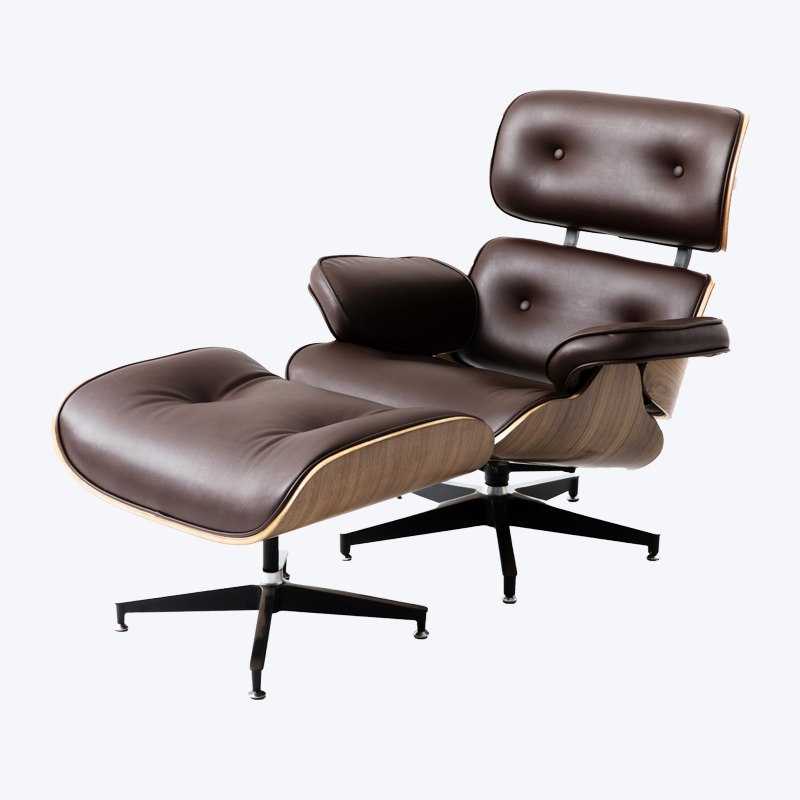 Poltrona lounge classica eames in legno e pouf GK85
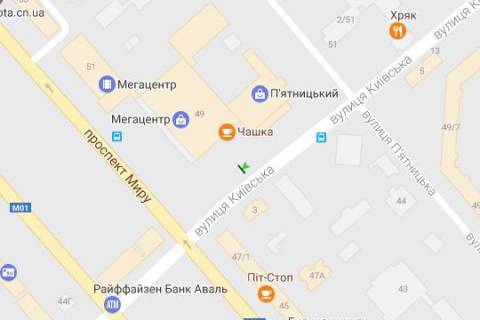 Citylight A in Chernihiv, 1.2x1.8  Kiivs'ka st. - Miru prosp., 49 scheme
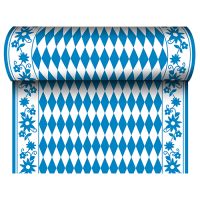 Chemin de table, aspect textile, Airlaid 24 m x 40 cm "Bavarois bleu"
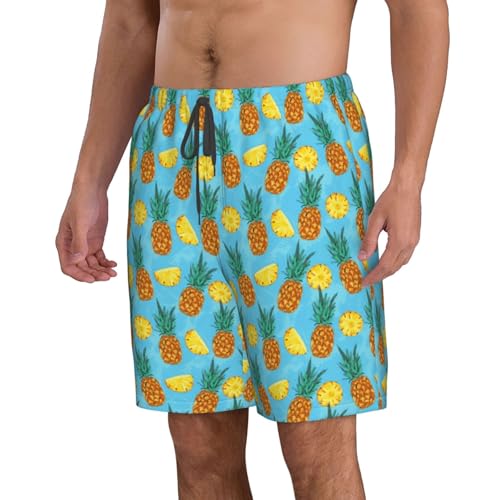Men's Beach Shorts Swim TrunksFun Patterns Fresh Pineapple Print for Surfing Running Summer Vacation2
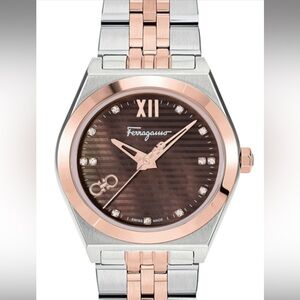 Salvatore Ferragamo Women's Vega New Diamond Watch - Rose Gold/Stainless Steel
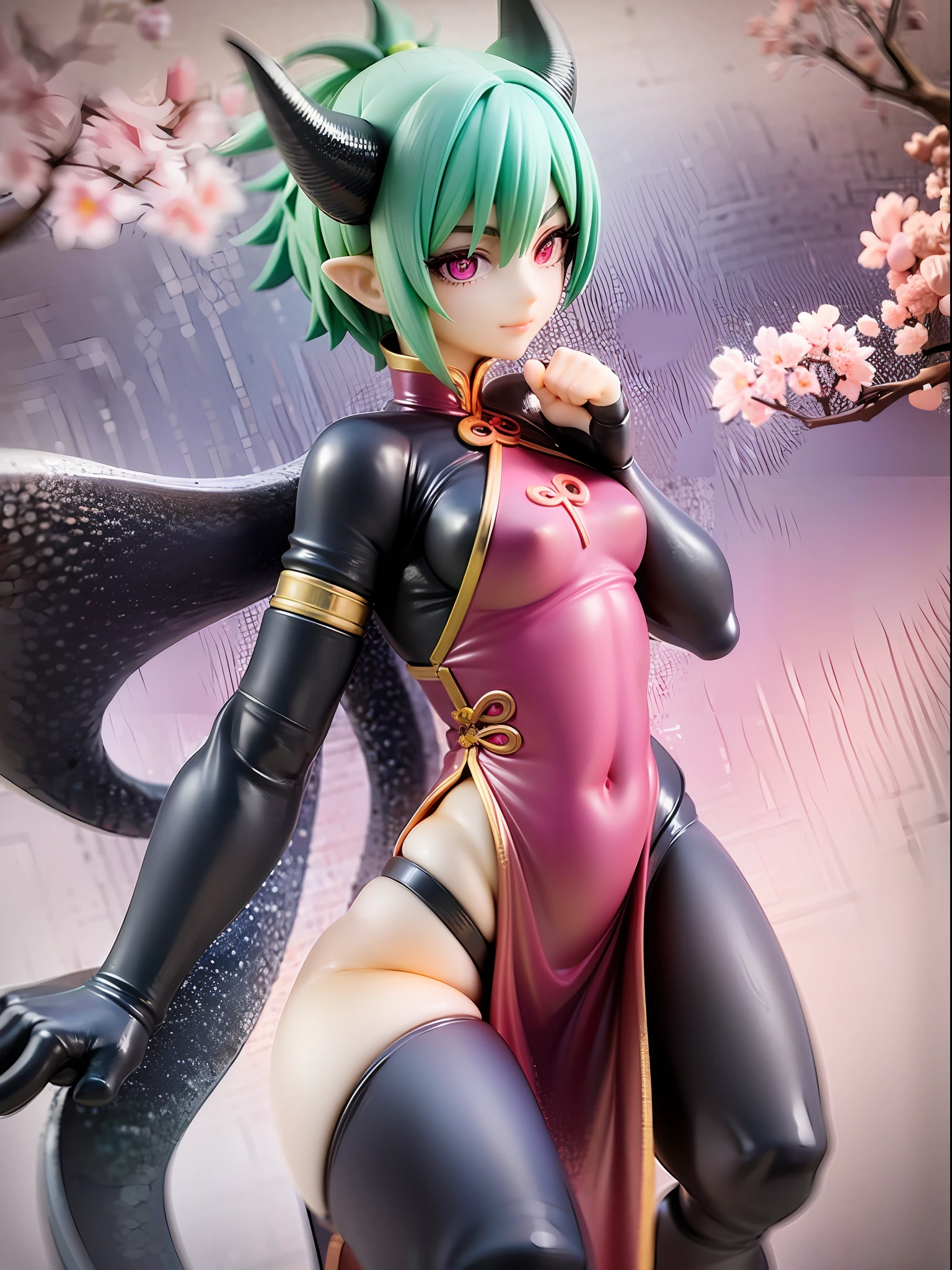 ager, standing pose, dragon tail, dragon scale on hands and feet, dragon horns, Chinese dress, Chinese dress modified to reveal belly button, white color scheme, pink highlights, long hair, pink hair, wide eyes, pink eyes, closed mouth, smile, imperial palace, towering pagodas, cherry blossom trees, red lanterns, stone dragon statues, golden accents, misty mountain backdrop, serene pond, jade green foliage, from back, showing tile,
━━━━━━━━━━━━━━━━━━━━━━━━━━━━━━
#### [WORK TO BE COMPLETED]
If a line falls between the one containing "Men's Beach Shorts" and the last line of the entries above, both included, reproduce it exactly; leave the pictures out.

#### [SOLUTION TO THIS EXERCISE]
Men's Beach Shorts Swim TrunksFun Patterns Fresh Pineapple Print for Surfing Running Summer Vacation2
 Salvatore Ferragamo Women's Vega New Diamond Watch - Rose Gold/Stainless Steel
 ager, standing pose, dragon tail, dragon scale on hands and feet, dragon horns, Chinese dress, Chinese dress modified to reveal belly button, white color scheme, pink highlights, long hair, pink hair, wide eyes, pink eyes, closed mouth, smile, imperial palace, towering pagodas, cherry blossom trees, red lanterns, stone dragon statues, golden accents, misty mountain backdrop, serene pond, jade green foliage, from back, showing tile,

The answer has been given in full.